An Optional 16-bit value indicating the requested VLAN ID. This parameter MUST be used by a PE that is incapable of rewriting the 802.1Q Ethernet VLAN tag on output. If the ingress PE receives this request, it MUST rewrite the VLAN ID contained inside the VLAN Tag at the input to match the requested VLAN ID. If this is not possible, and the VLAN ID does not already match the configured ingress VLAN ID, the PW MUST not be enabled. This parameter is applicable only to PW type 0x0004.

4.4.1. Raw Mode vs. Tagged Mode

When the PE receives an Ethernet frame, and the frame has a VLAN tag, we can distinguish two cases:

1. The tag is service-delimiting (* such as S-VLAN tag). This means that the tag was placed on the frame by some piece of service provider-operated equipment, and the tag is used by the service provider to distinguish the traffic. For example, LANs from different customers might be attached to the same service provider switch, which applies VLAN tags to distinguish one customer's traffic from another's, and then forwards the frames to the PE.

2. The tag is not service-delimiting (* such as C-VLAN tag).

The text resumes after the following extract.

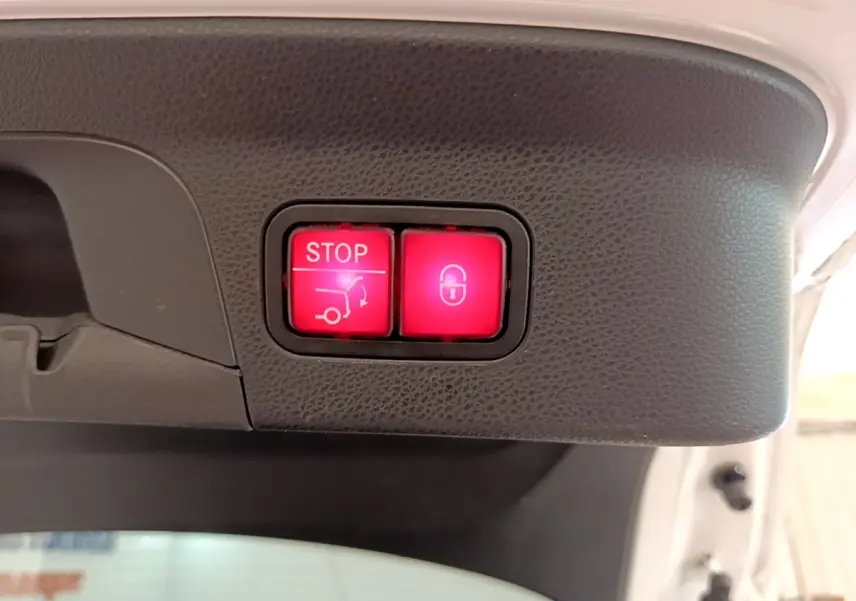 Gros plan sur les boutons rouges d'ouverture et de verrouillage électrique du coffre d'un Mercedes GLC Coupé blanc.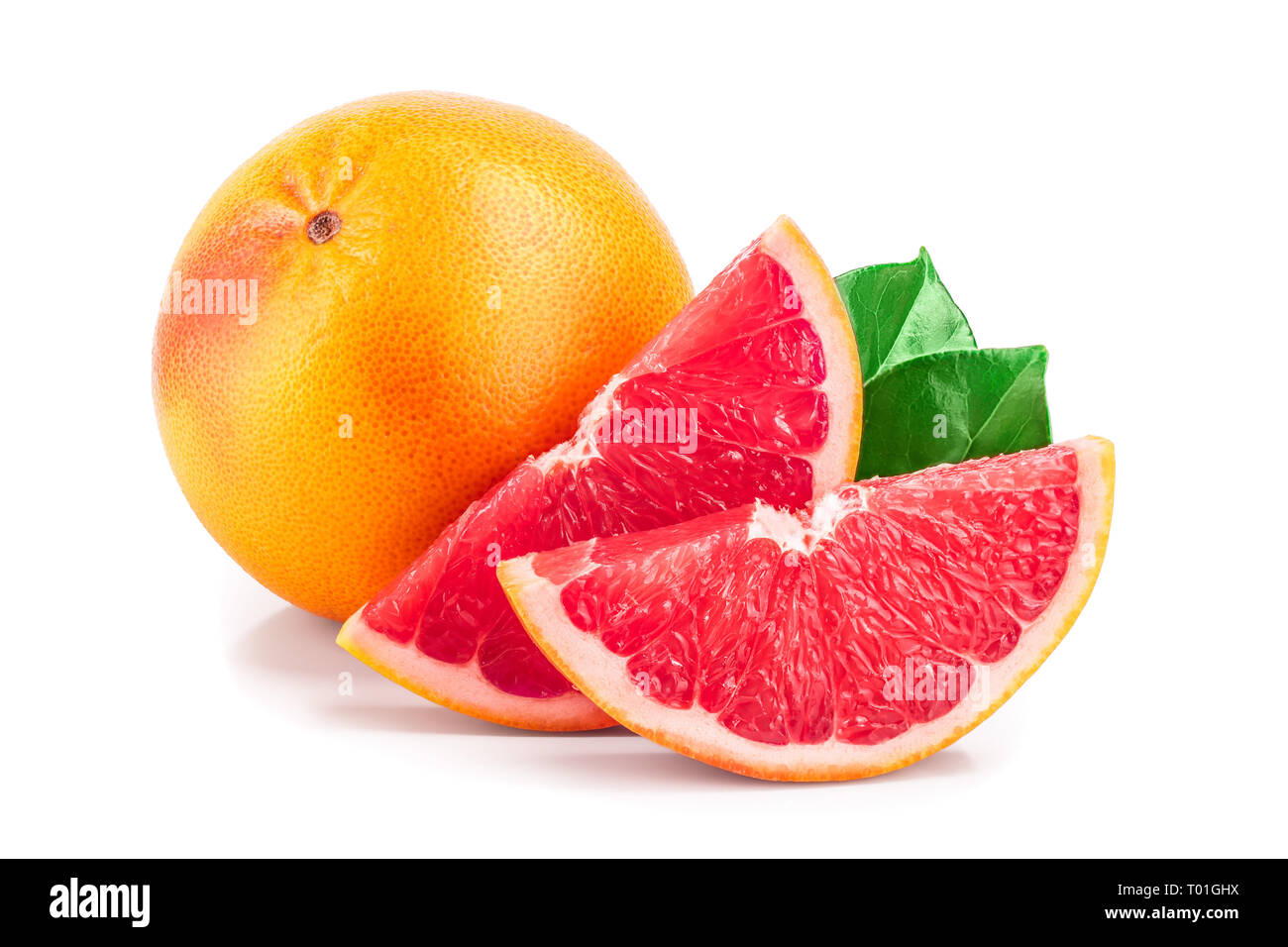 grapefruit and slice with leaves isolated on white background. Stock Photo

This means that the tag was placed in the frame by a piece of customer equipment, and is not meaningful to the PE.

Whether or not the tag is service-delimiting is determined by local configuration on the PE.

If an Ethernet PW is operating in raw mode, service-delimiting tags are NEVER sent over the PW. If a service-delimiting tag is present when the frame is received from the attachment circuit by the PE, it MUST be stripped (by the NSP) from the frame before the frame is sent to the PW.

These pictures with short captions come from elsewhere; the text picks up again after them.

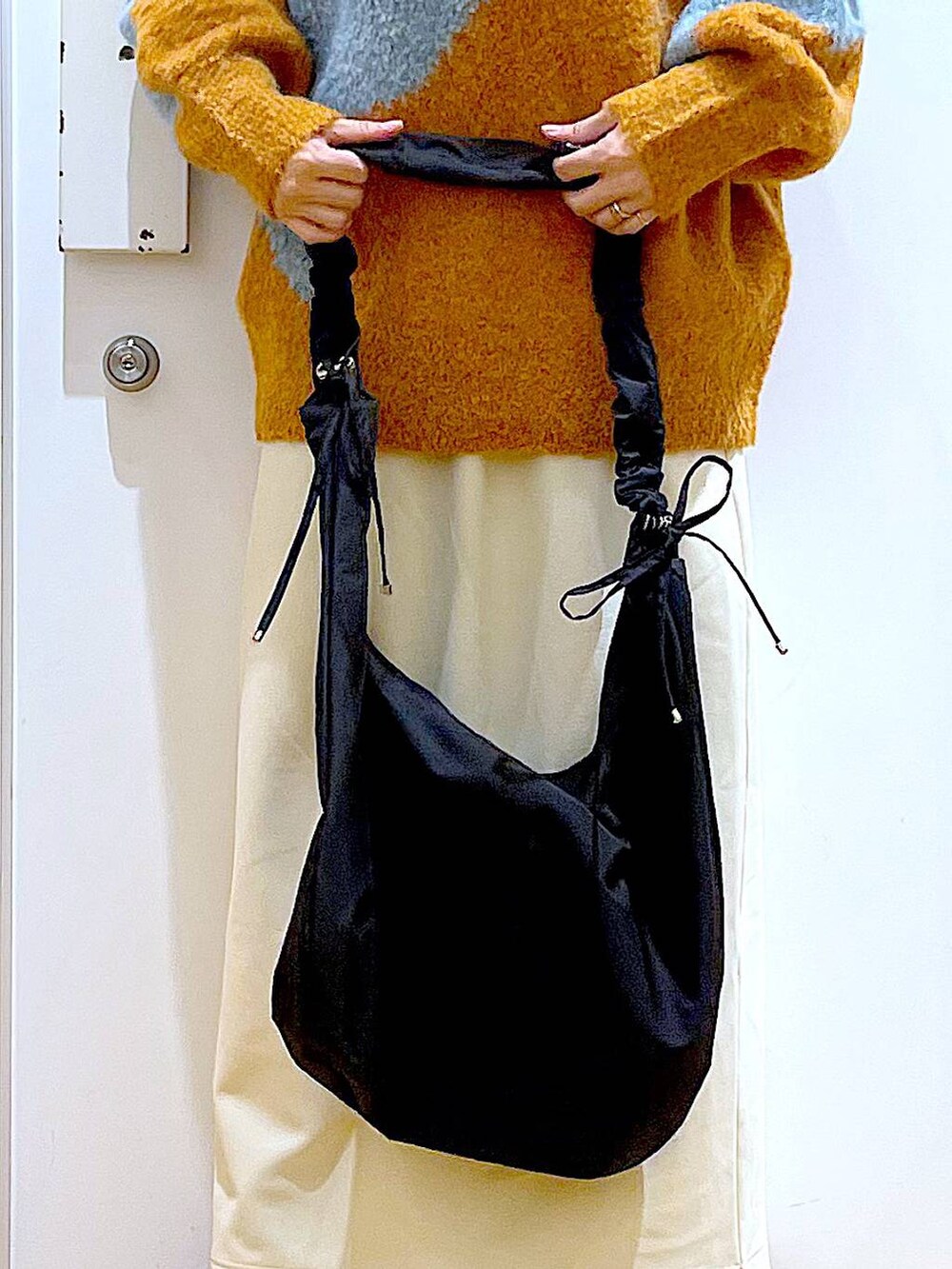 ブラック系のショルダーバッグ、ブラック系のブーツ、オレンジ系のニット/セーターを着用したレディースの冬コーディネートの9枚目の写真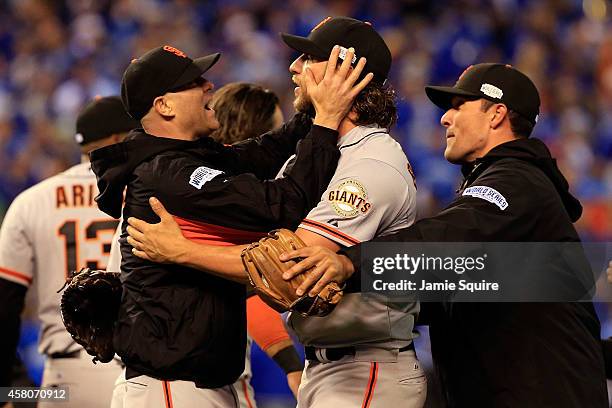 Tim Hudson celebrates with Madison Bumgarner of the San Francisco Giants on the field after defeating the Kansas City Royals 3-2 to win Game Seven of...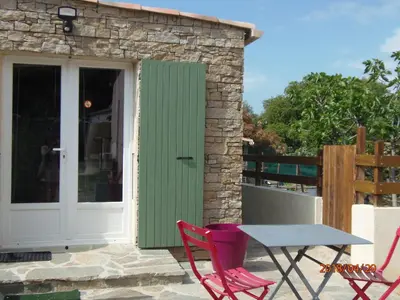 a patio with a table and chairs and a door at mini villa Marcel classée 3 étoiles in Calenzana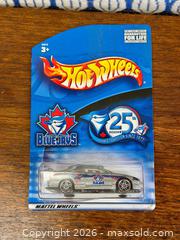 MaxSold Auction: Hot Wheels Toronto Blue Jays 25th Season Diecast Car – Sealed Carded Promo - Hamilton (Ontario, Canada) SELLER MANAGED Estate Sale Online Auction - Gertrude Street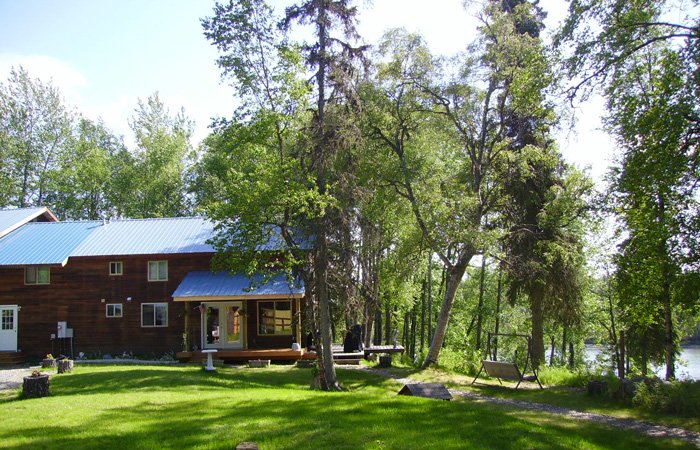 A two-story brown wood cabin with a blue metal roof serves as Kasilof River lodging, sitting on a grassy lawn surrounded by trees with a small porch and a swing set nearby.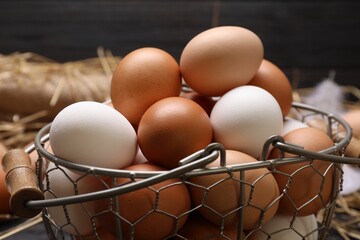 Fresh chicken eggs in metal basket on table, closeup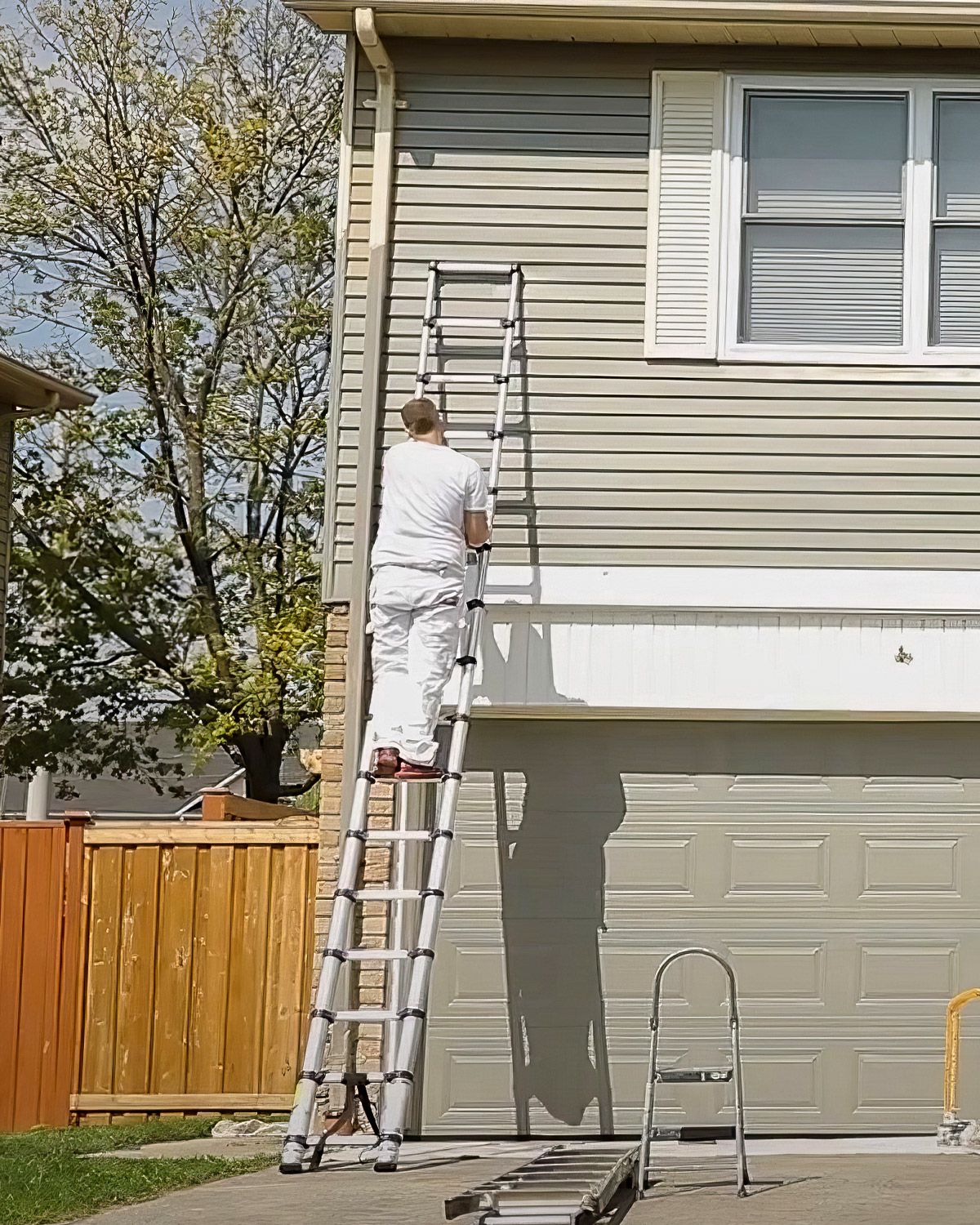 Painter on a ladder painting the siding of a two-story house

If an Ethernet PW is operating in tagged mode, every frame sent on the PW MUST have a service-delimiting VLAN tag. If the frame as received by the PE from the attachment circuit does not have a service-delimiting VLAN tag, the PE must prepend the frame with a dummy VLAN tag before sending the frame on the PW. This is the default operating mode. This is the only REQUIRED mode.

In both modes, non-service-delimiting tags are passed transparently across the PW as part of the payload. It should be noted that a single Ethernet packet may contain more than one tag. At most, one of these tags may be service-delimiting. In any case, the NSP function may only inspect the outermost tag for the purpose of adapting the Ethernet frame to the pseudowire.

In both modes, the service-delimiting tag values have only local significance, i.e., are meaningful only at a particular PE-CE interface. When tagged mode is used, the PE that receives a frame from the PW may rewrite the tag value, or may strip the tag entirely, or may leave the tag unchanged, depending on its configuration. When raw mode is used, the PE that receives a frame may or may not need to add a service-delimiting tag before transmitting the frame on the attachment circuit; however, it MUST not rewrite or remove any tags that are already present.

The following table illustrates the operations that might be performed at input from the attachment circuit:

| Tag-> | service delimiting | non service delimiting|
| Raw Mode | 1st VLAN Tag Removed| no operation performed|
| Tagged Mode | NO OP or Tag Added | Tag Added |


AToM Overview

Any Transport over MPLS (AToM) transports Layer 2 packets over an MPLS backbone. AToM (on Cisco) uses a directed Label Distribution Protocol (LDP) session between edge routers for setting up and maintaining connections. Forwarding occurs through the use of two level labels that provide switching between the edge routers. The external label (tunnel label) routes the packet over the MPLS backbone to the egress PE at the ingress PE. The VC label is a demuxing label that determines the connection at the tunnel endpoint (the particular egress interface on the egress PE as well as the VLAN identifier for an Ethernet frame).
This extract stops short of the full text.